The violinist is Paul Abegg, who is a Professor of Music at Utah Tech University where he is the Director of String Studies and conducts the University Orchestra.
Dr. Abegg has presented master classes and served as a musical adjudicator throughout the United States. His students have won awards and have been accepted at prestigious music schools and festivals such as Boston Conservatory. Michigan State University, Indiana University, National Orchestral Institute and Brevard Music Center. As a soloist he has performed throughout the United States as well as in Japan, Brazil, France and England. His chamber music experience in addition to the Zion Trio includes studies at Kneisel Hall (ME), the Colson String Ensemble in France among others. He served as a concert master of the Southwest Symphony for five years. Other orchestral experience includes performances with the Lansing, Jackson, Flint, Kalamazoo, Flagstaff, Utah, Ballet West, Phoenix, Spokane and the Malaysia Philharmonic orchestras. In 2007he performed in the Northwest Bach Festival under the direction Gunther Schuller. His participation in orchestra festivals include the Gilmore Piano Competition Orchestra (MI), Pine Mountain Music Festival ((MI), Brevard Music Center (NC), National Orchestral Institute (MD), Great Music West Festival (UT), Bear Lake Music Festival (UT), and the Grand Teton Music Festival Seminar (WY). Dr. Abegg has recorded extensively for film and television scores. He has performed with Celtic Woman, Mannheim Steamroller, Donny Osmond, Peter Cetera, Natalie Cole, and Marvin Hamlisch and classical artists which include Audra McDonald, Leon Fleischer, Marilyn Horne, Peter Serkin, Ellen Zwilich, Fredricka Von Stade, Mark O'Connor, Peter Schickele, Elmer Oliveria, Cathleen Battle, and Gil Shaham.

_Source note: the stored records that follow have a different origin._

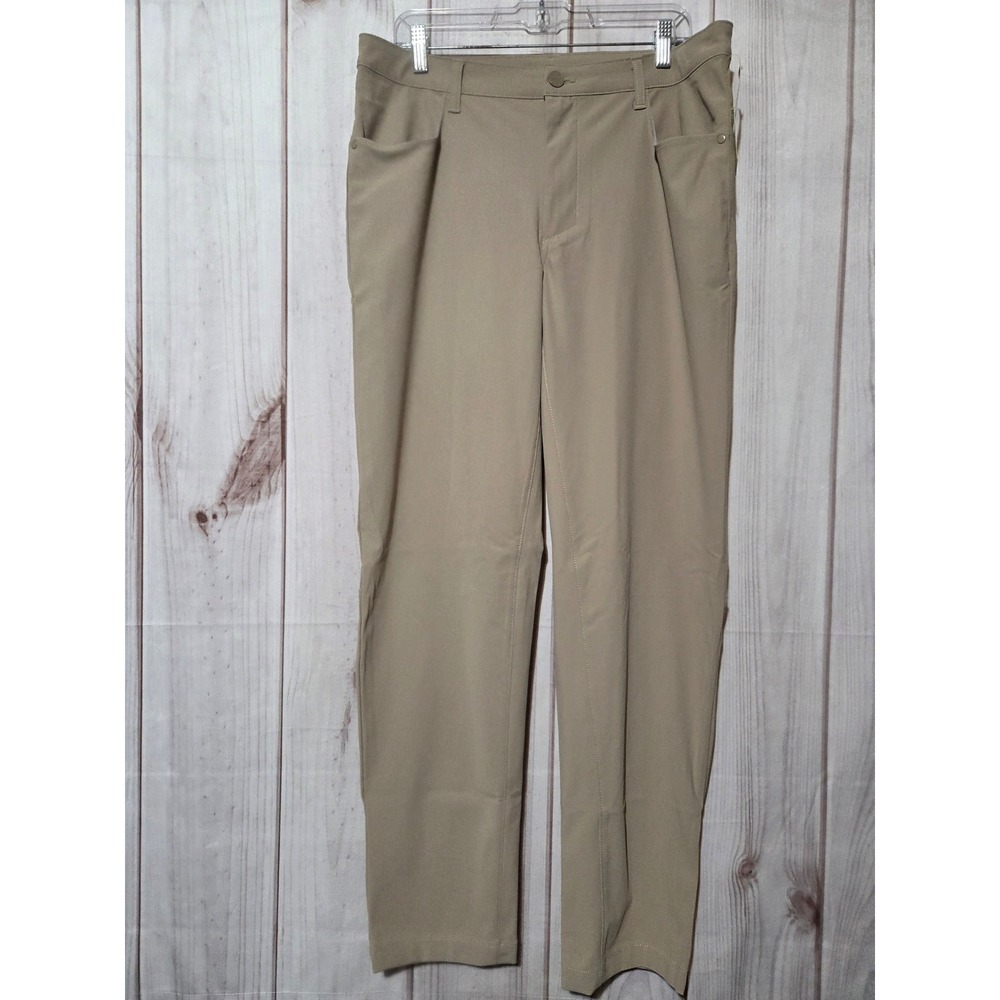 All in Motion Mens Golf Pants Tan‎ Khaki 34x32 Recycled Polyester Stretch Hiking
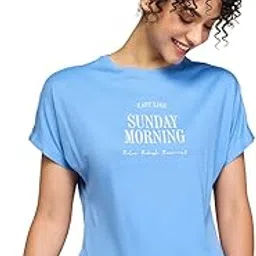 nykd Women's Graphic Relaxed Fit Sleep Top-picture-2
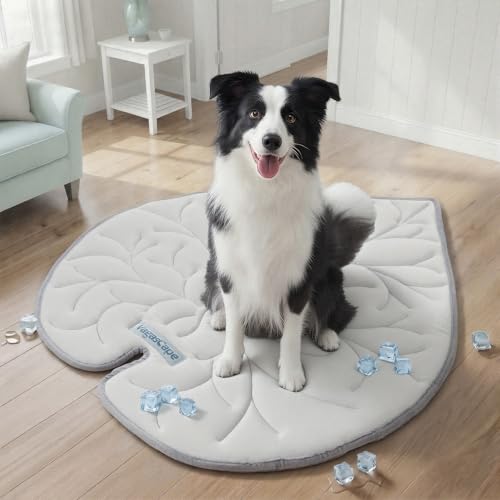 Vagascape Dog Cooling Mat, Washable Pet Cooling Mat, 47" x 45" Thick & Durable Large Cooling Mat for Dogs, Portable Foldab...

The cello is played by Dr. Ka-Wai Yu who is a Associate Professor of Music at Utah Tech University, where cello and string chamber music.

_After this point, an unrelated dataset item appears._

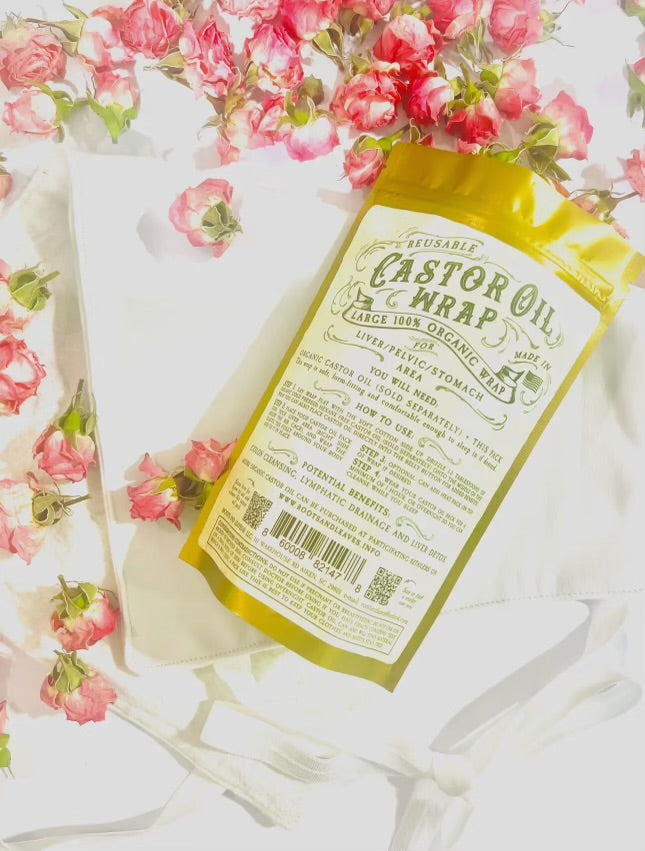 Castor Oil Wrap 100% Organic USA Handmade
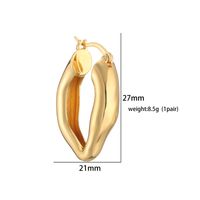 1 Pair Casual Vintage Style Simple Style U Shape V Shape Twist Plating Copper 18k Gold Plated Earrings Ear Studs main image 5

He previously taught at Eastern Illinois University and Indiana Wesleyan University. In great demand as a clinician, Dr. Yu has given master classes in numerous universities and institution in North America and Asia. He is the Director of the Castle Rock String Camp. He has also taught in music camps and workshops in Illinois, Georgia and Michigan, as well as in Hong Kong. Dr. Yu is past president of the Utah Chapter of the American String Teachers Association. He co-founded the Cello Society of Southern Urah and directs the annual Cello Festival of Southern Utah. He also serves on the Southern Nevada Symphony Orchestra President's Advisory Council. Currently the Principal Cellist of the Southwest Symphony Orchestra, Dr. Yu has performed in Canada, China, Germany, Japan, Singapore, South Korea, Taiwan and the United States. He is a vivid chamber musician and is a founding member of the Zion Trio and the period-instrument ensemble Cosmopolitan Baroque. He has appeared in the Aspen Music Festival, Boston Early Music Festival, among others. His performances have been broadcast on RTHK and WILL-FM. His transcription of Robert Schumann's Cello Concerto for cell and string quartet has been published by A-R Editions, Inc. Dr. Yu obtained his Doctor of Musical Arts degree from the University of Illinois, Urbana-Champaign, where hie studied with cellist Brandon Vamos of the Grammy-winning Pacifica Quartet. He also holds a Master of Music in Cello Performance from the Indiana University Jacobs School of Music and a Bachelor of Arts in Music with first-class honors from the Chinese University of Hong Kong. His major mentors have included Helga Winold, Csaba Onczay, David Starkweather and Ming-Yuen Chueng. He has also studied chamber music with members of the American String Quartet, Tokyo String Quartet, Pacifica Quartet and Parker Quartet.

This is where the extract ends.